DATA SUPPLIED:
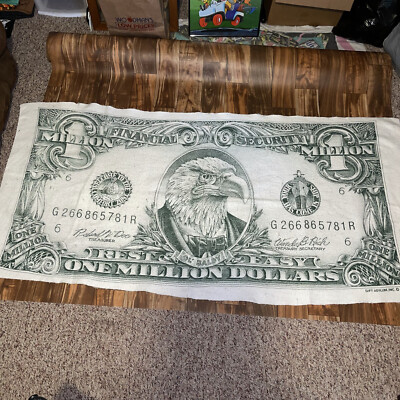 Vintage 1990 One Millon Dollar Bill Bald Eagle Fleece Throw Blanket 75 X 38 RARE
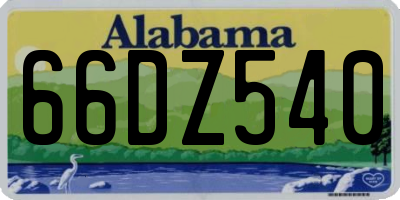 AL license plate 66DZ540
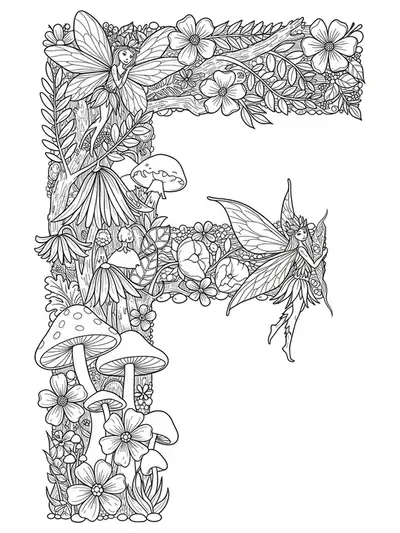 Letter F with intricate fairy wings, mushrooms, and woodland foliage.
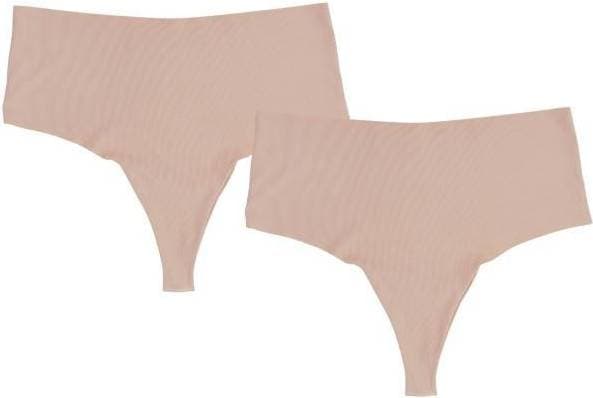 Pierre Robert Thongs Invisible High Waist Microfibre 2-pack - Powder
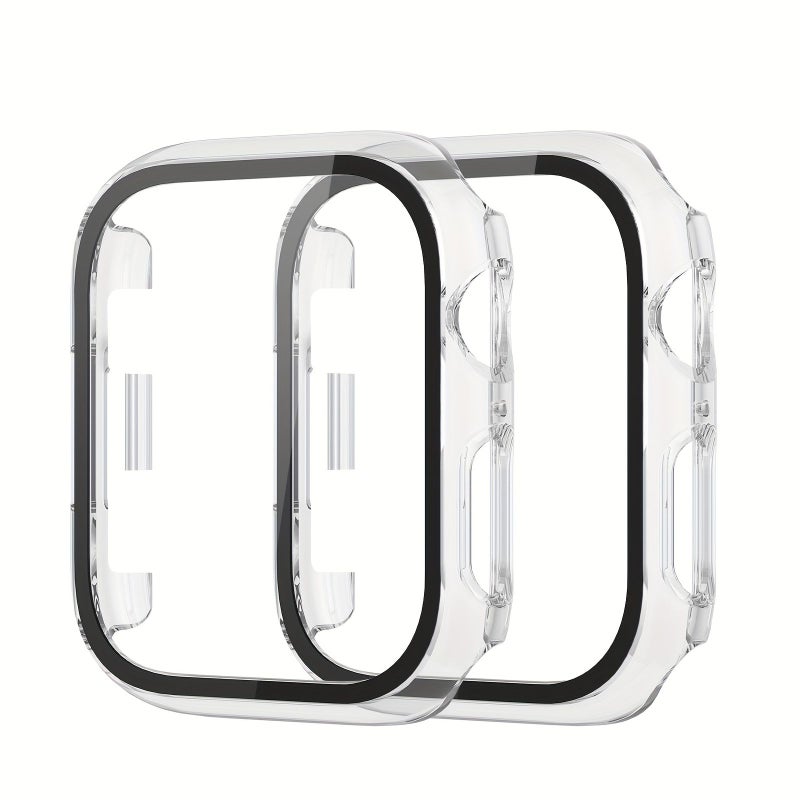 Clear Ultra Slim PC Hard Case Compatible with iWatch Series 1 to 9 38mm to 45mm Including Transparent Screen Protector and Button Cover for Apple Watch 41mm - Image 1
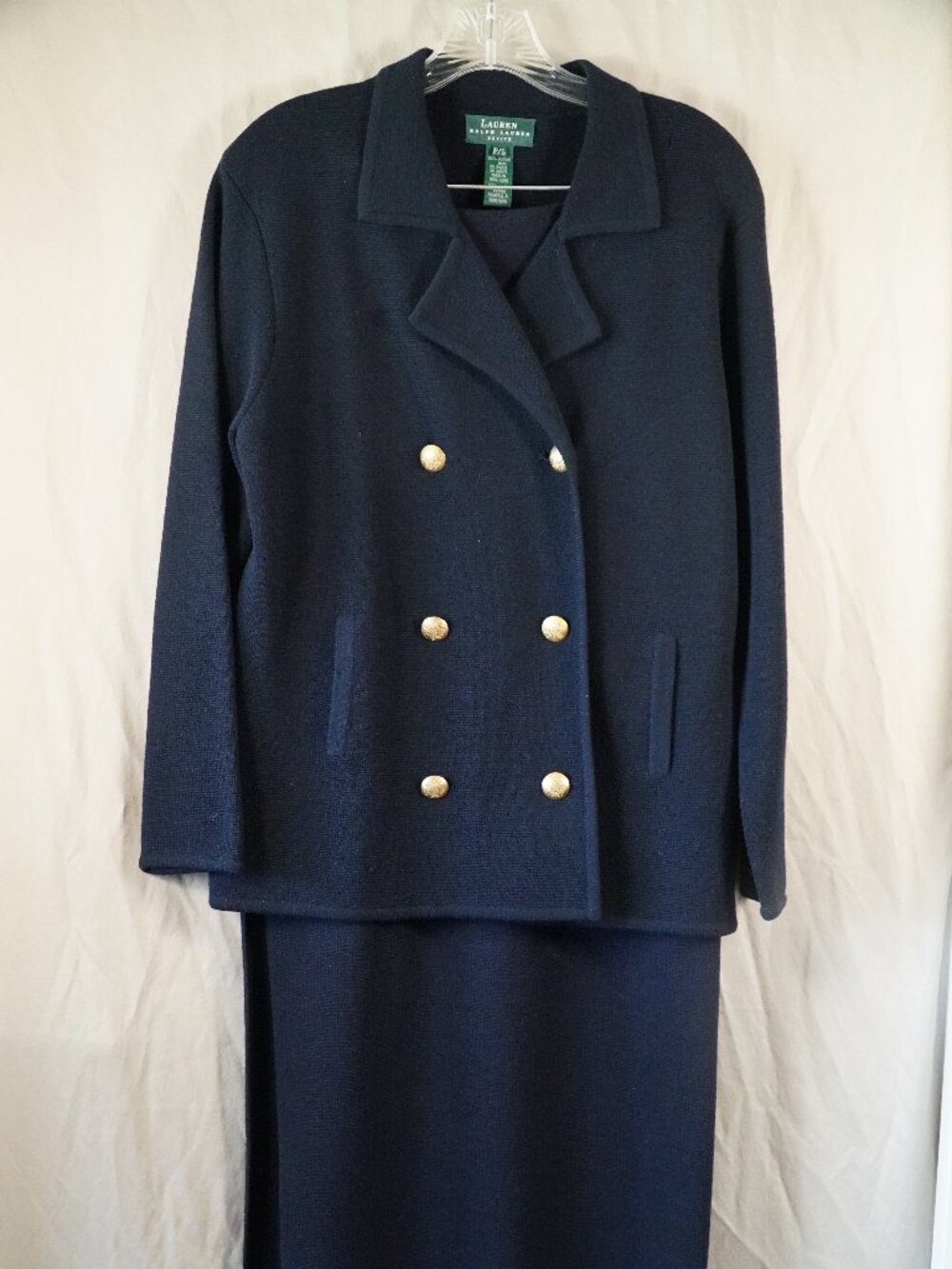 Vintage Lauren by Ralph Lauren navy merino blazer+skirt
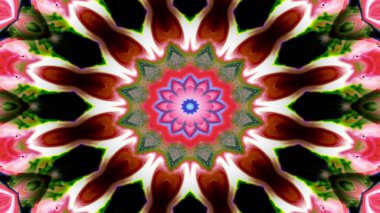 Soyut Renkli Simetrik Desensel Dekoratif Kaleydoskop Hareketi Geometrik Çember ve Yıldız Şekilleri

WHAT YOU WILL DO:
Transcribe the listing in full. Omit the pictures and keep every line exact.

WRITTEN ANSWER:
 Vintage 1990 One Millon Dollar Bill Bald Eagle Fleece Throw Blanket 75 X 38 RARE
 AL license plate 66DZ540
 Letter F with intricate fairy wings, mushrooms, and woodland foliage.
 Pierre Robert Thongs Invisible High Waist Microfibre 2-pack - Powder
 Clear Ultra Slim PC Hard Case Compatible with iWatch Series 1 to 9 38mm to 45mm Including Transparent Screen Protector and Button Cover for Apple Watch 41mm - Image 1
 Vintage Lauren by Ralph Lauren navy merino blazer+skirt
 Soyut Renkli Simetrik Desensel Dekoratif Kaleydoskop Hareketi Geometrik Çember ve Yıldız Şekilleri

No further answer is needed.